Le bulletin : Le premier Bulletin, reproduit à la pierre à huile, paraît pour Noël 1948. il n’a que quelques pages. Le Bulletin n° 6 prend le nom de « Souvenirs de Lourdes ». Le bulletin cessa sa parution de 1954 à 1971. Son titre actuel « Pour l’Amour de Notre Dame » vous indique très clairement que ceux qui s’y intéressent n’ont qu’un but : Faire grandir l’amour que nous devons à notre Mère du Ciel et faire considérer par les bien-portants tous les malades comme des frères qui n’ont nullement besoin de notre pitié, mais qui attendent tout de notre amour.
La Bannière : La première fût offerte en 1924, elle servira pendant 40 ans.
La tombola : Elle a débuté en 1957 ; son but était d’aider les malades pauvres à venir à Lourdes, et à se procurer un peu d’argent pour acheter du matériel pour les pèlerinages : couvertures, oreillers, matelas, draps.

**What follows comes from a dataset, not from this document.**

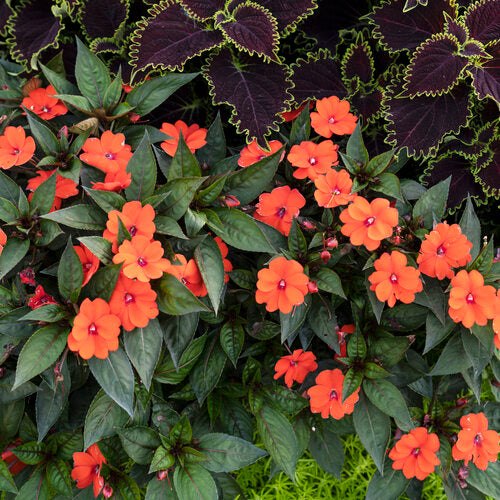 Compact Tropical Rose Plant from SunPatiens® Collection by Proven Winners™ - 1 quart pot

Les Effectifs de l’Hospitalité :  en 1922 : 5 ou 6 brancardiers 3 Infirmières
Les malades : en 1899 :  40  --   en  1924 : 80
La tenue des brancardiers et des infirmières : Chez les brancardiers, quelle que soit la température, il était toujours obligatoire de porter le veste et la cravate ainsi qu’un béret bleu foncé ou noir pendant le service.
Pour les infirmières, elles devaient être vêtues de couleurs sombres et ne pas porter de bijoux.
Vinrent ensuite des tenues plus ou moins disparates. Il fallut attendre 1972, pour que le président fasse adopter par le Conseil, une décision par laquelle l’Hospitalité achèterait et prêterait à toutes les infirmières qui devraient en assurer l’entretien : deux blouses blanches, pratiques : deux tabliers et un bonnet blanc complétant l’uniforme. Nos infirmières ont depuis fière allure.